Sorry.... But you are not an EU citizen and unemployment in Spain is the highest in Europe, national average 21%.
Waiters and similar jobs are actually quite prestigious and sought-after. A good waiter here needs not only the expected skills but also a knowledge of a couple of European languages -English, German, maybe French or Dutch -ass well as his native Spanish.
Being a waiter or any kind of restaurant work is not a 'non-serious' job in most European countries.


----------



## Malagueño (Apr 18, 2011)

Hello,

I like your spirit of adventure!

It is true what others have said that there is not much work to be had here. Wanting to earn in Spain and being non-EU is a further obstacle.

However, it sounds to me that you want to come here just for the experience. This gives you the advantages of being young, curious, adventurous, flexible on schedule and without fixed ideas of what type of work you would be looking for.

I don't think it would do you any harm at all to contact one of the American Associations here.......originally being from the same country as you, I think they would be better placed to advise you.

However, I think you should emphasise that you want to come for the experience rather than with fixed expectations. Maybe one of their older members could accommodate you in return for some sort of work around their home........I don't know - helping about the place, painting, clearing land, driving, shopping, cleaning......that type of thing.

It's a long shot.....but it gives you some scope to investigate the opportunity more fully for yourself rather than rely on the opinion of people of vastly different age, circumstances, experience, desire for security and day-to-day expectations.

Give it a good shot!

Having just finished your studies, you are in a great position to do something that _"living commitments"_ (also known as enslavement to career, mortgage, paying taxes and otherwise being a good little citizen) will probably deter you from doing once you have turned yourself in to lifelong slavery on the global plantation.
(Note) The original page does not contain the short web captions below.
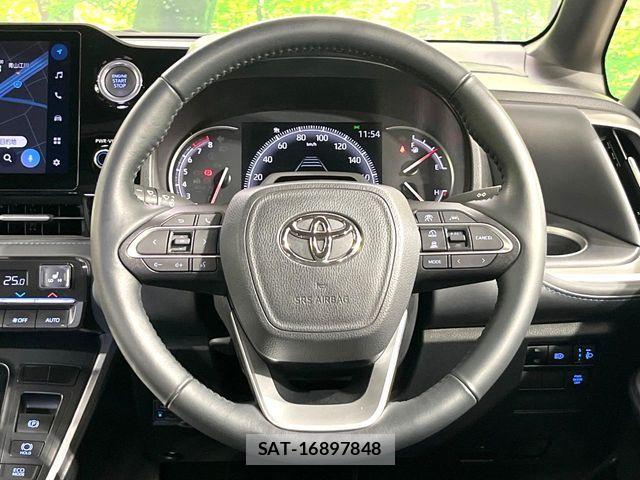 Toyota VOXY 2023-06 6999061-11
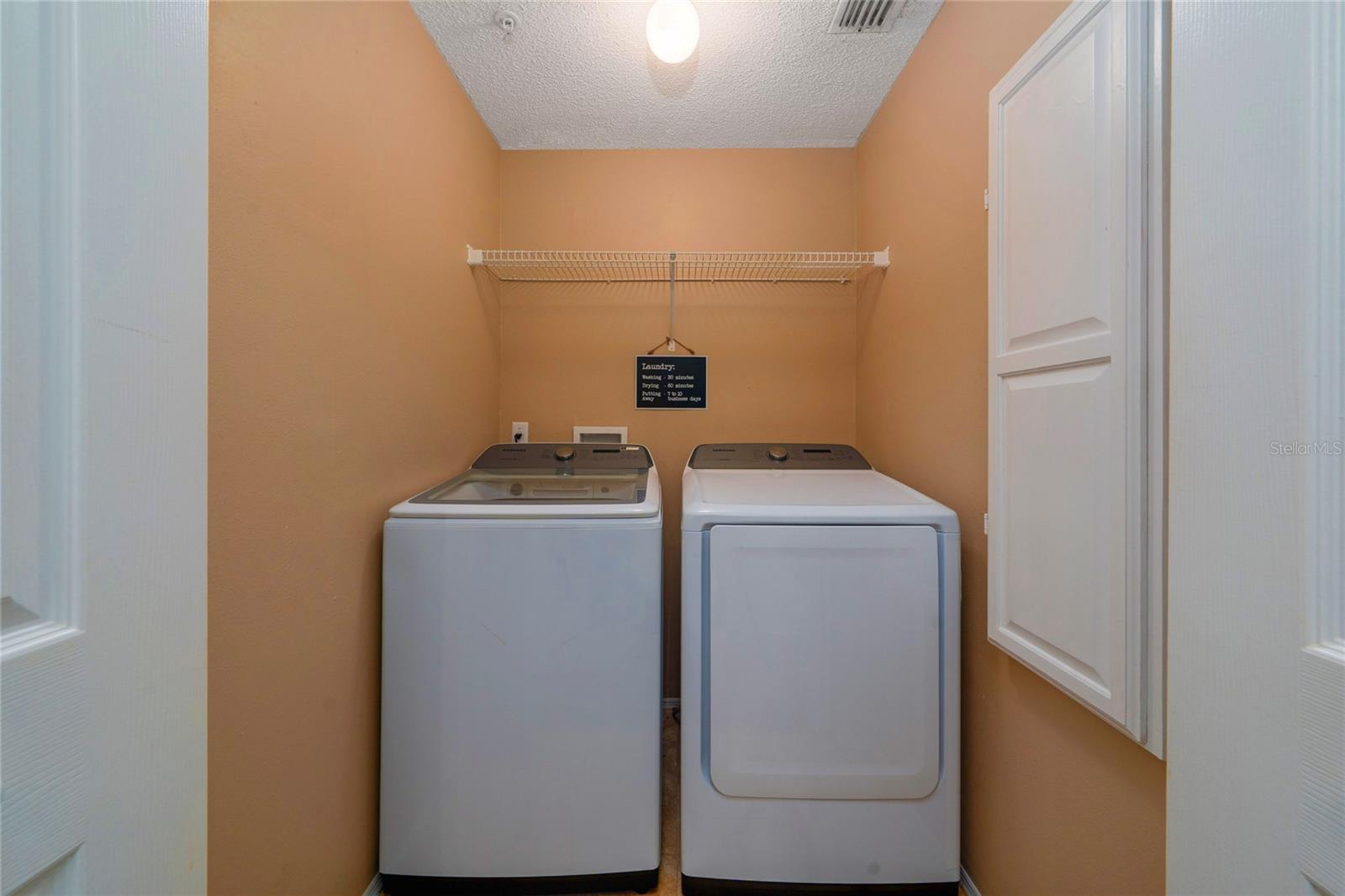 703 SWAN LN, ALTAMONTE SPRINGS, FL, 32701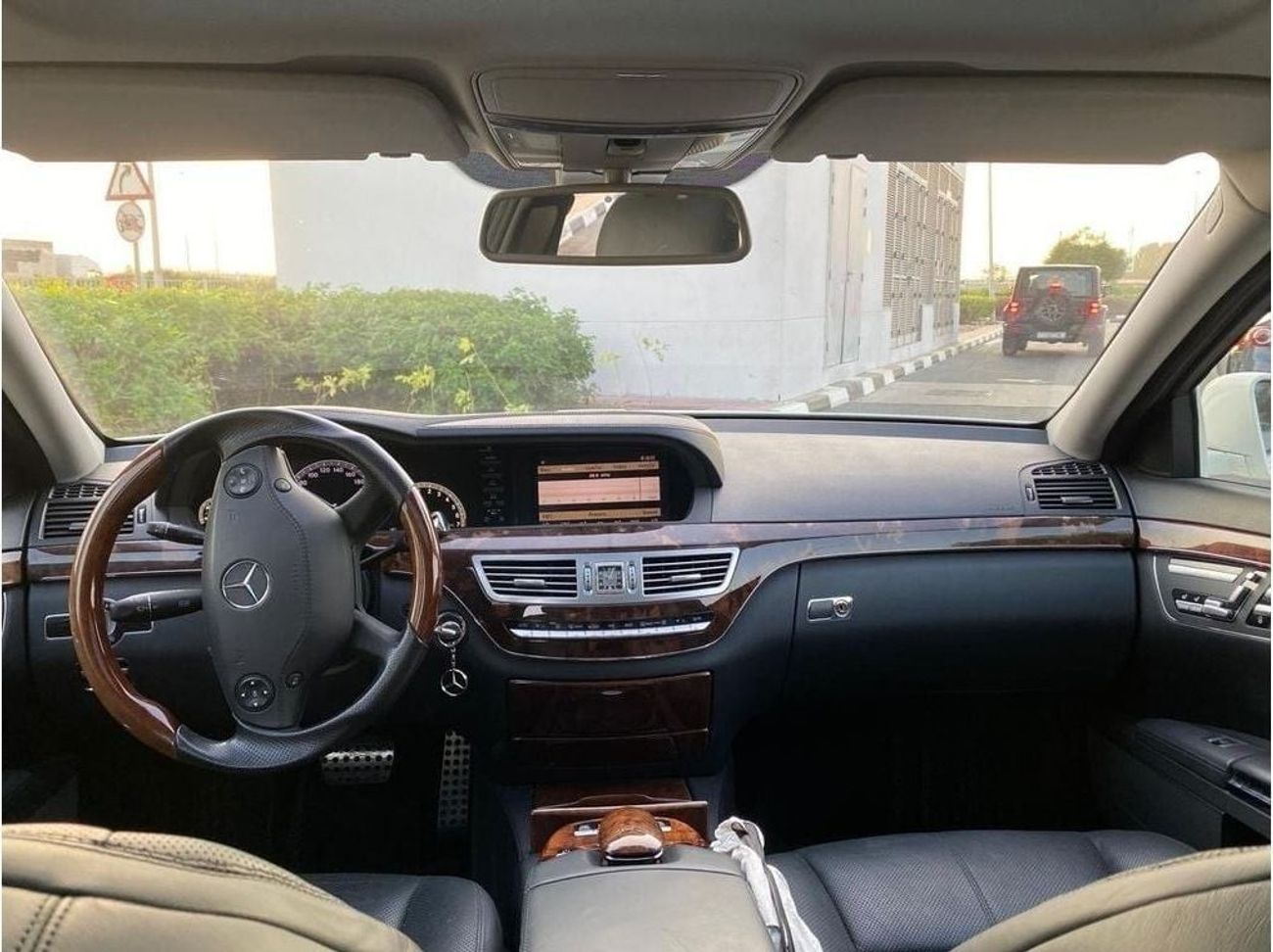 مرسيدس بنز S 550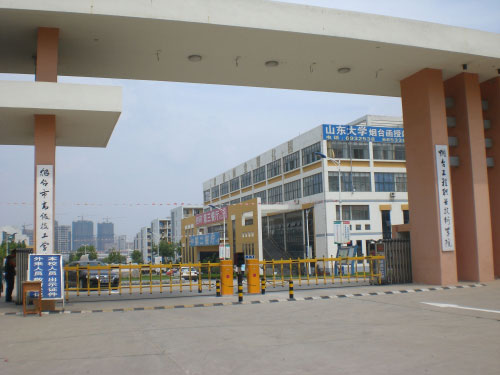 煙臺工程報(bào)業(yè)技術(shù)學(xué)院南門道閘案例 - 中出網(wǎng)-智能出入口與停車充電門戶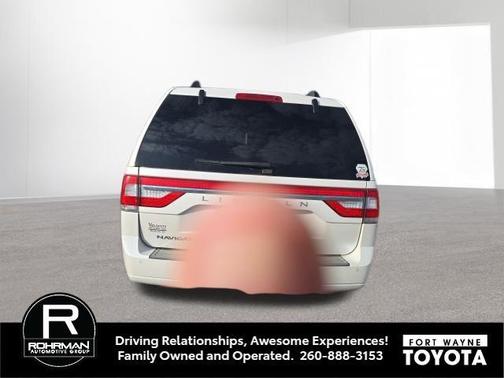 2017 Lincoln Navigator Select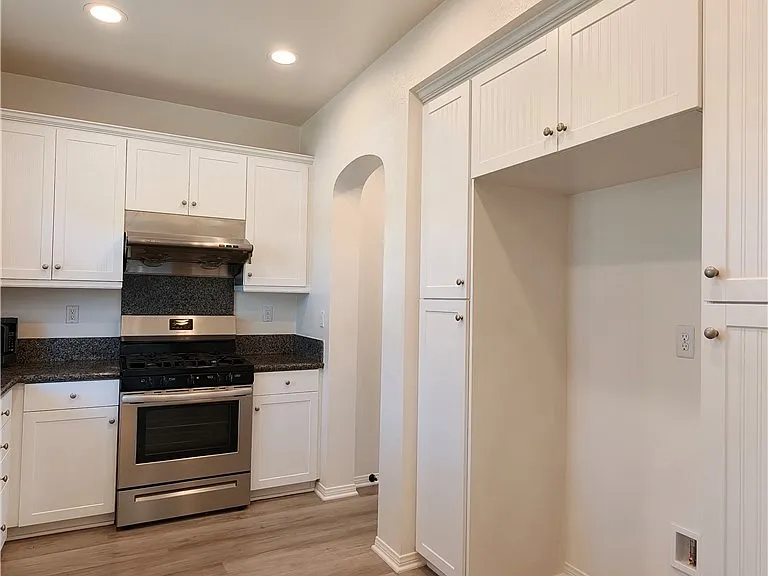 15765 Lindbergh Ave — Photo 27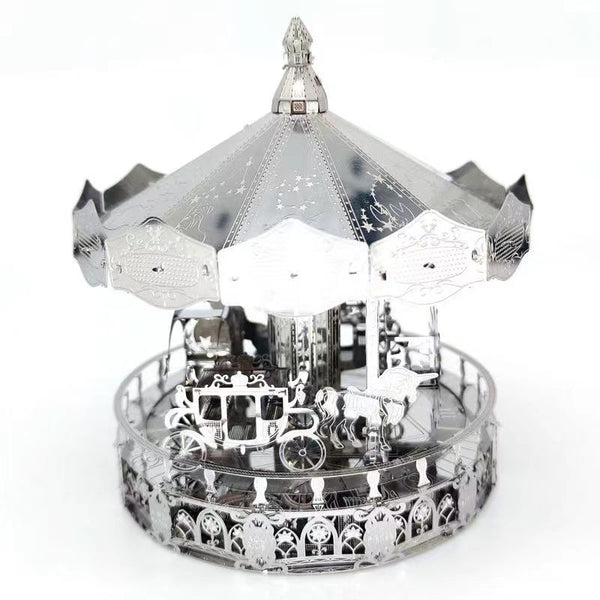 De Draaimolen met Sterrenbeelden Metalen Bouwpakket - Kermisattractie van SlimSpul nederland b.v. is een zilveren carrouselmodel met gedetailleerde paarden, een koets, een sierlijk baldakijn en een hekwerk - ideaal voor draaimolen en kermisattractie astronomie fans.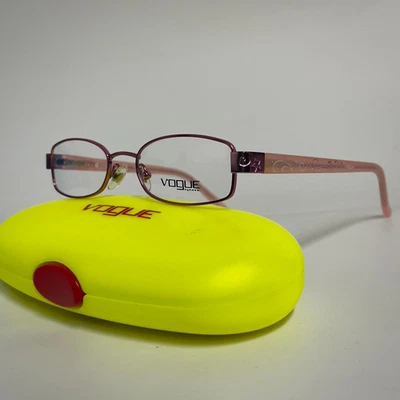Vogue VO 4047 / 5040 女孩女式眼镜 47-17-130 (XS) 玫瑰-保护壳可能有所不同 — 第 1/4 张图片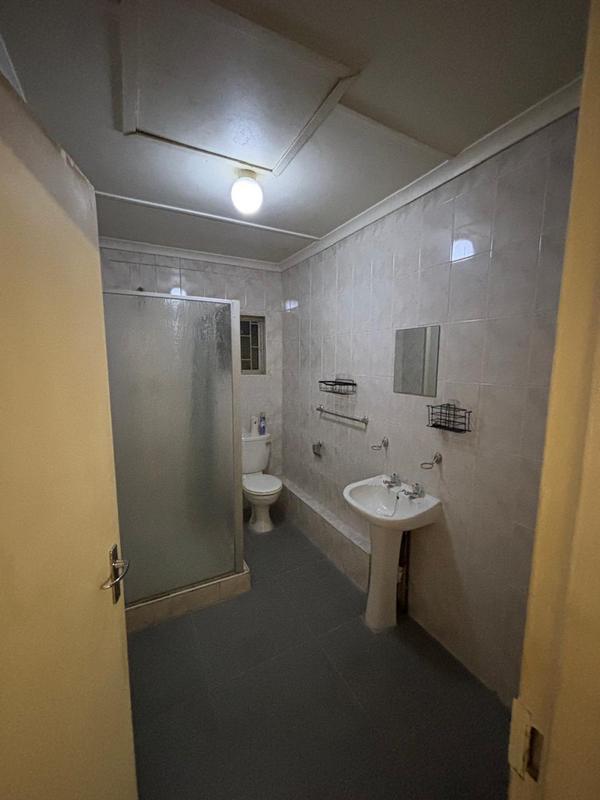 To Let 1 Bedroom Property for Rent in Woodview KwaZulu-Natal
*But just make sure you have the means to get back home when you need to!!*

Here is a link to the American Association here on the Costa del Sol:

American Club Costa del Sol - Home

There are 4 or 5 of them in different locations - I would suggest trying the FMB (Fuengirola/Mijas/Benalmadena) branch first.

*Good luck!!!*


----------



## mrypg9 (Apr 26, 2008)

Malagueño said:


> Hello,
> 
> I like your spirit of adventure!
> 
> ...


The American Club of the Costa Del Sol will most probably not be in a position to help you. It is a social organisation composed mainly of elderly U.S. expats.
I know because I occasionally attend their functions, although I am not an elderly U.S. expat.
Being non-EU is a MAJOR obstacle.


----------



## barca (Aug 18, 2011)

Sorry but have to agree with the other posters - it's going to be very tough if not impossible. I would suggest you earn the money back in the USA and come and spend time in Spain as a tourist. That way also you can travel around the country a bit more, and get to see a lot more of this great country. Good luck!


----------



## Alcalaina (Aug 6, 2010)

barca said:


> Sorry but have to agree with the other posters - it's going to be very tough if not impossible. I would suggest you earn the money back in the USA and come and spend time in Spain as a tourist. That way also you can travel around the country a bit more, and get to see a lot more of this great country. Good luck!


Sensible suggestion.

Another possibility is to come on a 90 day tourist visa and work a few hours a day for board and lodging, under a scheme called Workaway. You don´t need a work permit for this.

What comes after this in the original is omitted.